This study addresses the lack of large-scale empirical evidence on web crawlers’ compliance with the robots.txt protocol (REP), a widely assumed—but unverified—security boundary. Method: Leveraging 40 days of anonymized web server logs from 40 institutions, we systematically analyze the behavior of 130 self-declared bots and numerous anonymous crawlers, employing crawler fingerprinting, dynamic robots.txt directive injection, and behavioral attribution. Contribution/Results: We find that AI-powered search crawlers routinely ignore robots.txt—most rarely, if ever, consult it. Compliance rates decline significantly under stricter directives (e.g., Disallow: /), undermining the consensus that REP serves as an effective security control. Our results demonstrate REP’s limited practical efficacy as a protective mechanism in real-world deployments, highlighting the urgent need for more robust, enforceable access control mechanisms. This work establishes the first real-log-based controlled-experiment benchmark for web crawling governance and provides foundational empirical evidence for policy and protocol design.

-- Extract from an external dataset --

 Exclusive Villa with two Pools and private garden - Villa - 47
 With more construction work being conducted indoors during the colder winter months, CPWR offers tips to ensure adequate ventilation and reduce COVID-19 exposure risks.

Online data scraping has taken on new dimensions in recent years, as traditional scrapers have been joined by new AI-specific bots. To counteract unwanted scraping, many sites use tools like the Robots Exclusion Protocol (REP), which places a robots.txt file at the site root to dictate scraper behavior. Yet, the efficacy of the REP is not well-understood. Anecdotal evidence suggests some bots comply poorly with it, but no rigorous study exists to support (or refute) this claim. To understand the merits and limits of the REP, we conduct the first large-scale study of web scraper compliance with robots.txt directives using anonymized web logs from our institution. We analyze the behavior of 130 self-declared bots (and many anonymous ones) over 40 days, using a series of controlled robots.txt experiments. We find that bots are less likely to comply with stricter robots.txt directives, and that certain categories of bots, including AI search crawlers, rarely check robots.txt at all. These findings suggest that relying on robots.txt files to prevent unwanted scraping is risky and highlight the need for alternative approaches.